Report: Since Citizens United, Associations Staying on Campaign Spending Sidelines
An analysis of campaign spending after the 2010 Citizens United Supreme Court decision confirmed that Super PACs are becoming a major force in federal electoral politics. Advocacy spending by trade associations was modest in comparison, it found.
The full impact of the Citizens United Supreme Court ruling, which permanently altered the campaign spending landscape, is still being studied. But one recent analysis has concluded that, in some ways, the landmark decision didn’t change much.
According to The Landscape of Campaign Contributions, a new analysis of federal election financing from the nonpartisan Committee for Economic Development (CED), the 2010 ruling in Citizens United v. Federal Election Commission allowing trade groups and businesses to make unlimited independent expenditures in support of political candidates had little effect on such spending in the 2014 and 2016 campaigns.
“Our analysis indicates that business corporations and trade associations have not responded to the Citizens United ruling by substantially devoting significant resources to the new opportunities for political spending created by the decision,” the report states.
On the other hand, spending by Super PACs—a variant of the traditional political action committee that may raise unlimited amounts of money from donors as long as they don’t coordinate with or contribute directly to candidates—has grown significantly in the past two elections. During the 2014 election cycle, Super PACs spent $666.1 million, or 14.6 percent of all federal election financing.

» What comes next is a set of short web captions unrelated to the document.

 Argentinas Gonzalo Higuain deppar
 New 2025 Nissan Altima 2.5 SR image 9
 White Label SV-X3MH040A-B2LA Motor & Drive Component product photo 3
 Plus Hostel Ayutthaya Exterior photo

In the 2016 campaign, that number jumped to $1.6 billion, representing 21 percent of all campaign financing.
During that same period, trade associations, which can spend money in support of candidates without disclosing their donors, decreased their election spending from $41.3 million to $33.9 million. In the 2016 campaign, association expenditures represented just 0.4 percent of total spending.
And while trade associations gave money to Super PACs, their total contributions—$11 million in 2014 and $12 million in 2016 —were a small percentage of all donations to Super PACs (about 1 to 2 percent).

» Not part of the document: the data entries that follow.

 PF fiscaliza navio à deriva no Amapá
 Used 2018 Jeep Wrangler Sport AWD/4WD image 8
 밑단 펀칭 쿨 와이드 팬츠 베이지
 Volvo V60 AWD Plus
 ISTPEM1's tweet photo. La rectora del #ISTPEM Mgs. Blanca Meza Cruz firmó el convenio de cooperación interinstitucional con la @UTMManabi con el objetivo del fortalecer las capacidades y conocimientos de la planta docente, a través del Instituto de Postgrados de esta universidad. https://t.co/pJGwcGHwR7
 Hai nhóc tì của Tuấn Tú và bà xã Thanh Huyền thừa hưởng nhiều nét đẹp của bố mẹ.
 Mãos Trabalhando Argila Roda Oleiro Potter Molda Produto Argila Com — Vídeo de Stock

Businesses in general were not major contributors, either. The analysis found that individual businesses rarely donated to candidates (although donations from the Chamber of Commerce accounted for more than 85 percent of all association contributions to candidates). And individuals largely drove Super PAC spending: Individuals and were responsible for 60 percent of receipts overall.
The report highlights opportunities for businesses and associations to thoughtfully get involved with the political process, noted Nathan Rosenberg, cochair of CED’s Money in Politics Subcommittee.
“When you look at total spending in the 2016 election cycle, it is clear that businesses largely sat on the sidelines,” Rosenberg said in a press release. “Still, business leaders must use their voice and clout to advocate for needed reforms, in particular encouraging citizen participation in the process, along with transparency and disclosure in reporting.”